» To do
Among the entries below, which lines run from the line with "4' Halloween Inflatable" through the line with "XIYUE 합성 코스프레"? Retype those, both ends included, exactly and without pictures.

» Listed entries

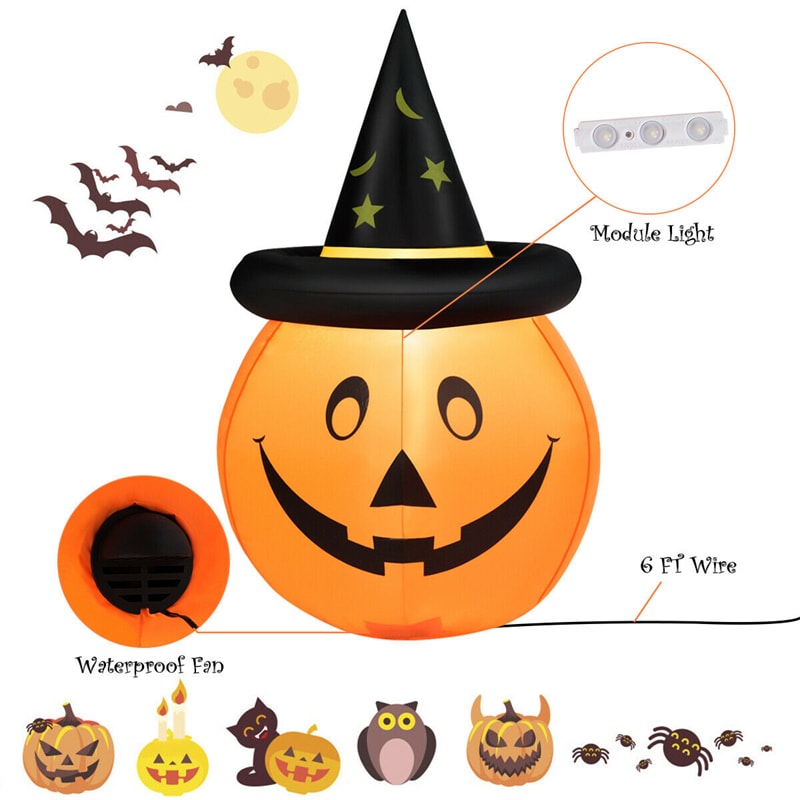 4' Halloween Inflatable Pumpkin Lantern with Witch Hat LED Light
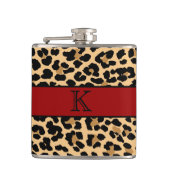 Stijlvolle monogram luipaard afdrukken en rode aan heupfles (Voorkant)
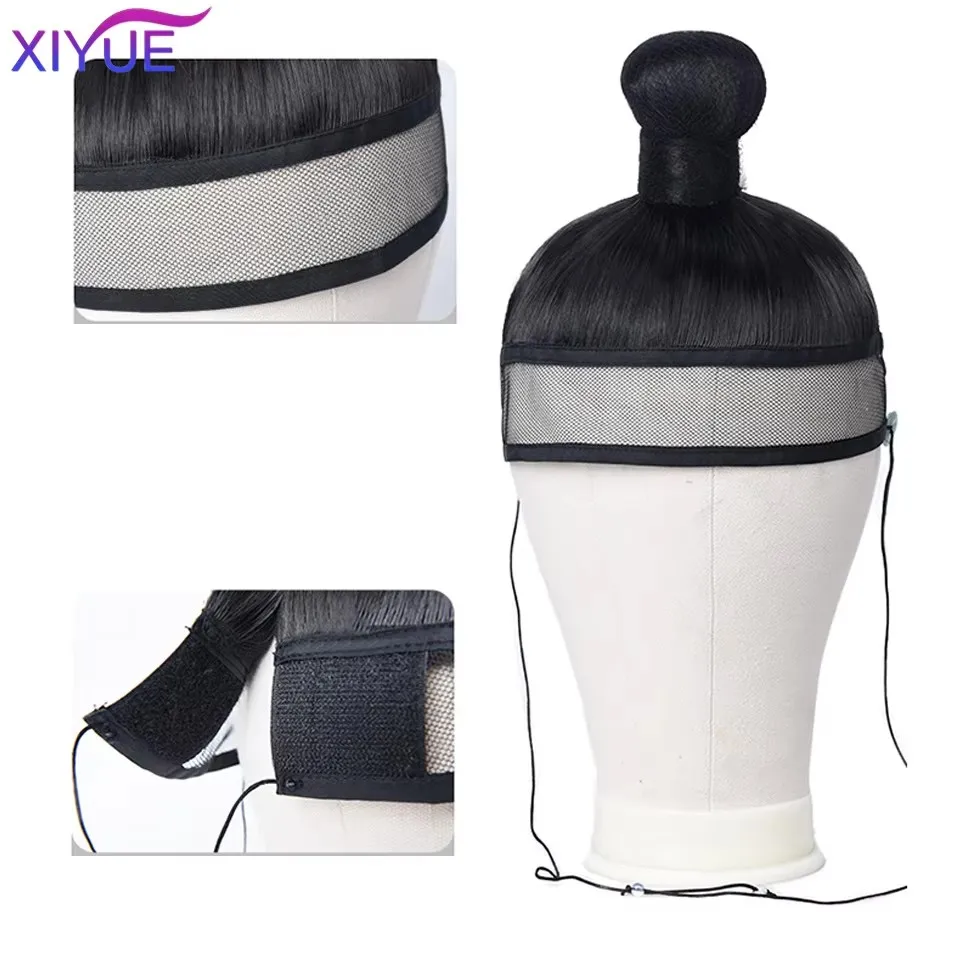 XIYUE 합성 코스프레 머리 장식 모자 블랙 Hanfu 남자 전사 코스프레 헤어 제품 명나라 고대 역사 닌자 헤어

---

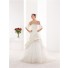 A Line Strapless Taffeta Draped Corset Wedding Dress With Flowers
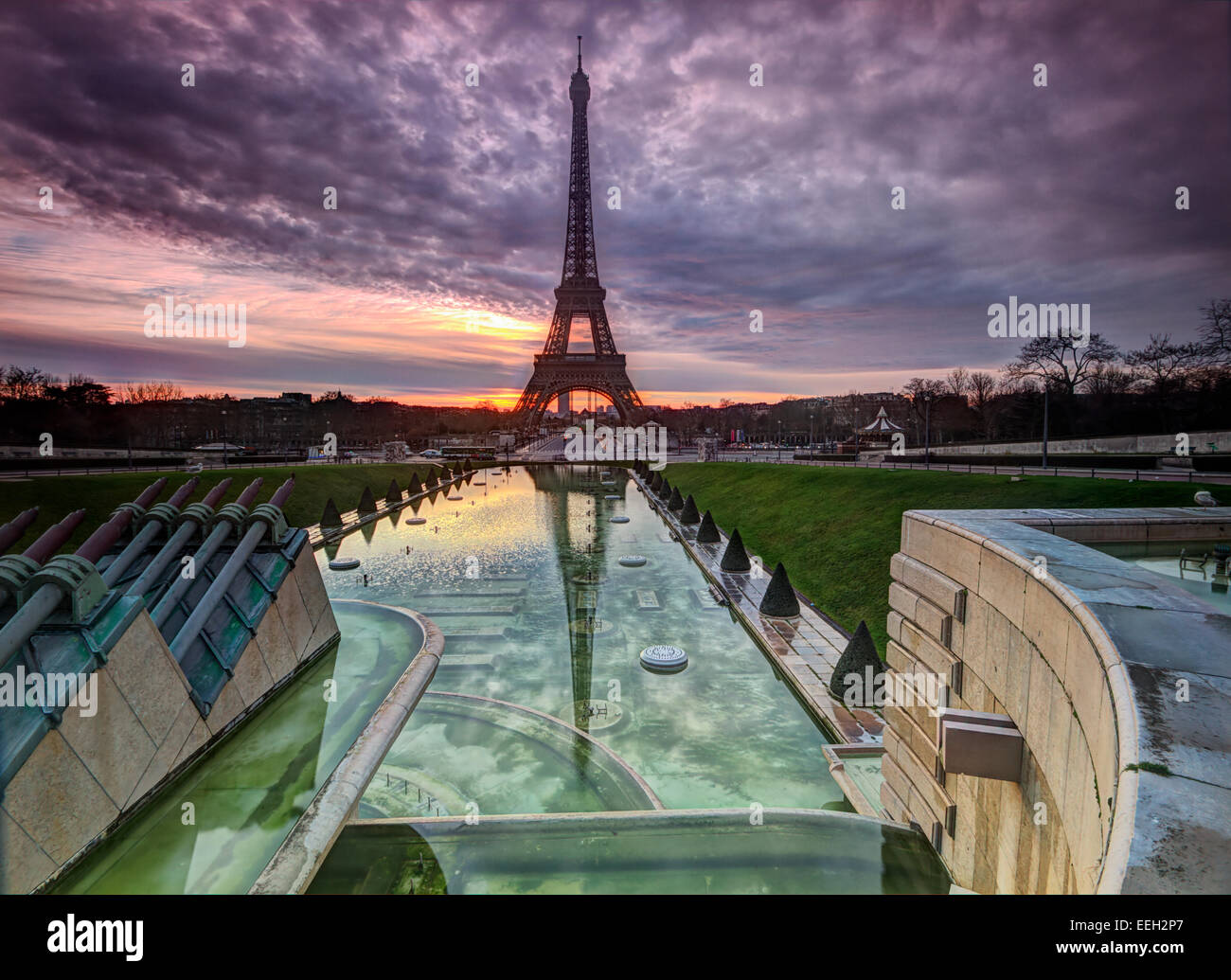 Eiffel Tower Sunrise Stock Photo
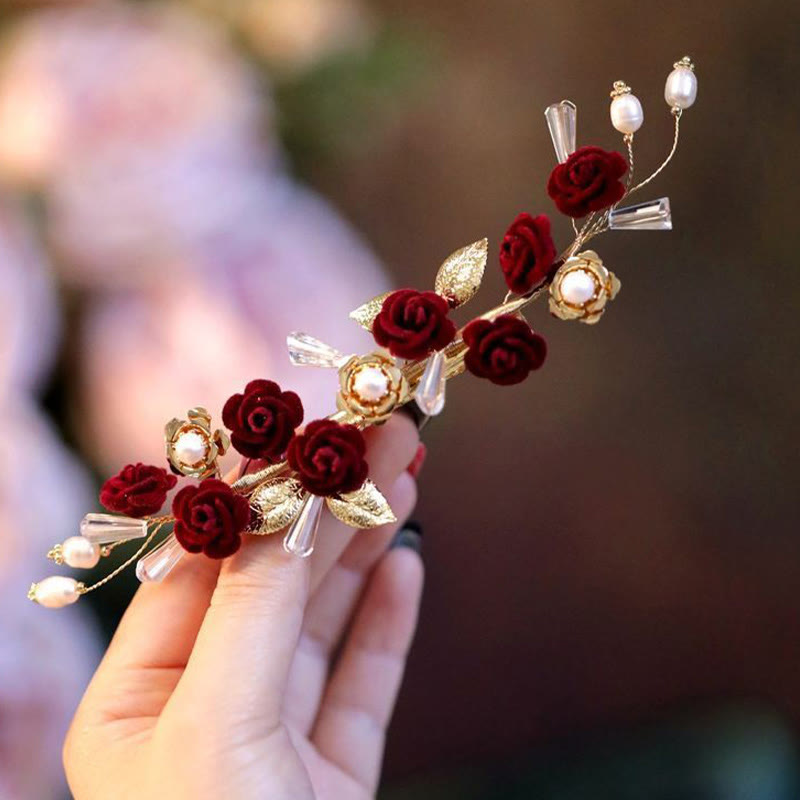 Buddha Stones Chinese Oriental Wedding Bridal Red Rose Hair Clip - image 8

--

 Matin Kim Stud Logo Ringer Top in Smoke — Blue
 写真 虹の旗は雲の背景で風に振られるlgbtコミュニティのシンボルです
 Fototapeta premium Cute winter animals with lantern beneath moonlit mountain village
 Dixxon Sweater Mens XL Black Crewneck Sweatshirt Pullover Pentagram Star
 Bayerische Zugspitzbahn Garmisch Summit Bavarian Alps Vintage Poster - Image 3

» Your response
 4' Halloween Inflatable Pumpkin Lantern with Witch Hat LED Light
 Stijlvolle monogram luipaard afdrukken en rode aan heupfles (Voorkant)
 XIYUE 합성 코스프레 머리 장식 모자 블랙 Hanfu 남자 전사 코스프레 헤어 제품 명나라 고대 역사 닌자 헤어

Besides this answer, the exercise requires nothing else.